El epílogo, con la reunión de las madres de ambos personajes (que en la vida real eran las madres de Gena Rowlands y John Cassavettes) sigue la línea del resto del film: resulta regocijante cómo la madre de Seymour intenta echar por tierra la boda de su hijo diciendo que es un bobo, vago, conformista, pobre, sordo, etc. y que Minnie es demasiado guapa para él. Toda la conversación, desde el inicio (cuando la madre de Seymour saluda primero a la madre de Minnie, y le comunica lo alta que es) hasta el final es excepcional.

La coda, enseñando cómo esta extraña y loca relación de personajes al margen de la sociedad llega a buen término, da lugar al óptimismo: el triunfo del amor por encima de todo. (Aunque claro, cómo dicen en el propio film, la vida no es tan fácil como en las películas, incluso en ésta).



Se le podría achacar falta de verosimilitud, demasiados ajetreo, etc. pero no se puede negar que es una gran obra de autor. Y como anécdota al margen del argumento, me quedó grabado el U-turn en la conducción.

Valoración: 8/10




PS. ¡Qué magnífica actriz es Gena Rowlands! ¡Ella sola rebosa la pantalla!

PS2. Detalles de cineasta: aparte de los planos cortos en las conversaciones, llama la atención cómo Cassavetes enfoca en muchas ocasiones al que escucha en lugar de al que habla en dichos intercambios verbales: como queriendonos hacer ver que muchas veces expresa (informa) más fijarse en quien en escucha en lugar de en quien habla.

domingo, 20 de octubre de 2019

Gloria, de John Cassavetes

Hay que tenerlos bien puestos para que en una película de suspense los protagonistas sean una mujer y un niño; personalmente arrugo la nariz cuando el protagonista es un infante en un film dirigido principalmente a adultos.

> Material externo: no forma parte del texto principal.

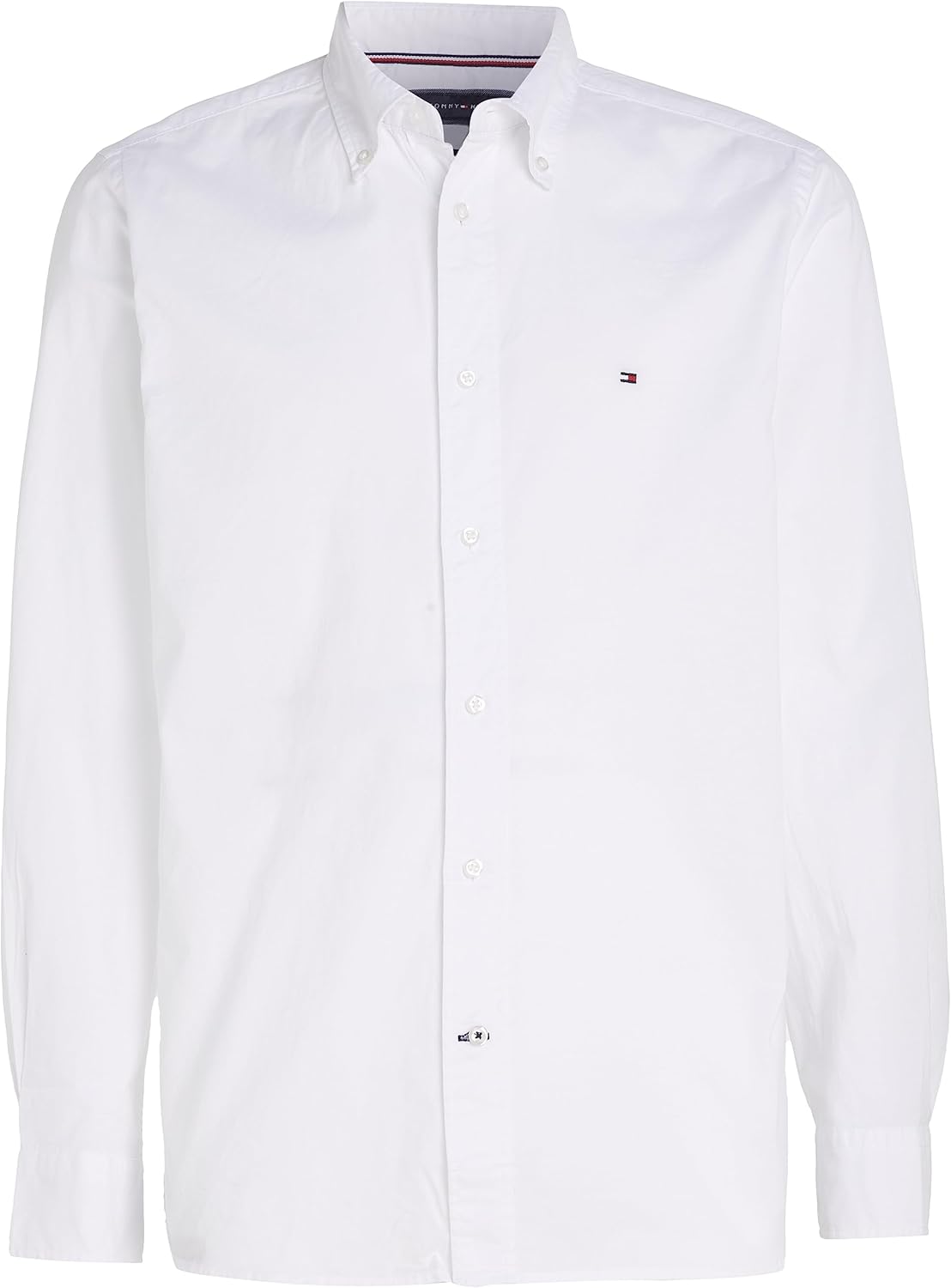 Tommy Hilfiger Core Flex Men's Long Sleeve Shirt – Modern Fit Premium Comfort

En este caso la mujer Gloria, representada por la gigantesca actriz Gena Rowlands (además de musa de Cassavetes) llena la pantalla, y el niño chirría un poco; aunque bien es cierto que la historia está escrita alrededor de ellos y no podría darse sin ambos. No deja de ser una obra interesante por la acción y tensión que transmite y sobre todo por la manera característica de rodar del director (y la música empleada), con destellos de genialidad (el comienzo con el arte abstracto, la música lenta, la panorámica de la ciudad y la costarricense saliendo el autobus y llegando al edificio), aunque con quizá demasiados fallos de guión (el libro tan importante aparece y desaparece, demasiadas casualidades) y argumentalmente floja. Me da que fue un antojo de Cassavetes que quería ver a Gena de (anti)heroína, algo que por ejemplo también hizo Hal Hartley con Parker Posey en Fay Grim (con resultado decepcionante).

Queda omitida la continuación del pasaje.